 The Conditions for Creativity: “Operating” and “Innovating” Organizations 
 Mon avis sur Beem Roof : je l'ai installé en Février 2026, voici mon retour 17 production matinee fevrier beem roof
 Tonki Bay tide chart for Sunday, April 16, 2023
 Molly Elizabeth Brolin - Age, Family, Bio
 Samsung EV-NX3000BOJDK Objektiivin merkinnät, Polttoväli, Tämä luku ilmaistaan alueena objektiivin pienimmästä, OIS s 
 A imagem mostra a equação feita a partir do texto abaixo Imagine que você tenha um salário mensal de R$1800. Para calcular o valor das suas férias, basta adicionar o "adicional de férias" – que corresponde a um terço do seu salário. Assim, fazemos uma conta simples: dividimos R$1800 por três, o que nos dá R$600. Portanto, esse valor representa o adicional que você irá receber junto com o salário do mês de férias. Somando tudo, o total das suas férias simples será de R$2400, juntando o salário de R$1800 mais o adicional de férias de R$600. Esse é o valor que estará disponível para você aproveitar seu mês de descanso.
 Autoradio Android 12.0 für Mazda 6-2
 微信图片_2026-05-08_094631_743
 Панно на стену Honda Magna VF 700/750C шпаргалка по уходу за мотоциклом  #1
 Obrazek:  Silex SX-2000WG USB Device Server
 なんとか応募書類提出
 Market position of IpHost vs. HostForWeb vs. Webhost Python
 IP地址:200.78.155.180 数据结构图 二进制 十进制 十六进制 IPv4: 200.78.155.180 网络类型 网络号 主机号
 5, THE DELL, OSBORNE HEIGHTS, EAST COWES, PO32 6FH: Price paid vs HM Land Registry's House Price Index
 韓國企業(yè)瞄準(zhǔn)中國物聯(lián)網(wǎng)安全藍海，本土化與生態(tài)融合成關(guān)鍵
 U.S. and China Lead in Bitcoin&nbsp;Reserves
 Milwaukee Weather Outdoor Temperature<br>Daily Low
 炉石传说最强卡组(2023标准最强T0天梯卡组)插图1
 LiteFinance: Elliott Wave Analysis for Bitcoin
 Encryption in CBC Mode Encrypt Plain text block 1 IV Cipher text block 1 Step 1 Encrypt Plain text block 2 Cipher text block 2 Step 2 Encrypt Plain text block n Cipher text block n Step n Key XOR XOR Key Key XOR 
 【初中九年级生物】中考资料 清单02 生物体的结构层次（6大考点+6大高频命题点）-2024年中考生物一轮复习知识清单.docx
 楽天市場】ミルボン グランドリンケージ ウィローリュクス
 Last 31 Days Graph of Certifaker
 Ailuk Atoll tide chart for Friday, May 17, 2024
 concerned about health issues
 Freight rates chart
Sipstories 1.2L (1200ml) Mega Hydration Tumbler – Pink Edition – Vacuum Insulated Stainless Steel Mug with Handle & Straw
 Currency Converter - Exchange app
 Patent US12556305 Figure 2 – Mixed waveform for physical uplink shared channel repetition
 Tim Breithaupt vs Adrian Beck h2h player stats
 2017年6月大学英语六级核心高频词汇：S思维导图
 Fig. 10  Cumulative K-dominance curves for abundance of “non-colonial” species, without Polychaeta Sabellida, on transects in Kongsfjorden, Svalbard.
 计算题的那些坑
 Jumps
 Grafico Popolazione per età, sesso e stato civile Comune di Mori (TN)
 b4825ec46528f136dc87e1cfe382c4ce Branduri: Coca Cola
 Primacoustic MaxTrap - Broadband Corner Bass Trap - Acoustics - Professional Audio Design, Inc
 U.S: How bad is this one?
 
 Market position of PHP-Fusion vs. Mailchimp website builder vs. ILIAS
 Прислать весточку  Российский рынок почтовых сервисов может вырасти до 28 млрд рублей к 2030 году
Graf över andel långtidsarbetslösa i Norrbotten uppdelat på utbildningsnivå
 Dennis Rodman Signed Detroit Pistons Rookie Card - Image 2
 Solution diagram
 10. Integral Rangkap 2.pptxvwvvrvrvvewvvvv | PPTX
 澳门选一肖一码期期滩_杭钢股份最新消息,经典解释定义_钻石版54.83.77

§ WHAT YOU HAVE TO DO: Pull each line that includes the word "chart" out of the material above.

§ ANSWER BOX:
 Tonki Bay tide chart for Sunday, April 16, 2023
 Ailuk Atoll tide chart for Friday, May 17, 2024
 Freight rates chart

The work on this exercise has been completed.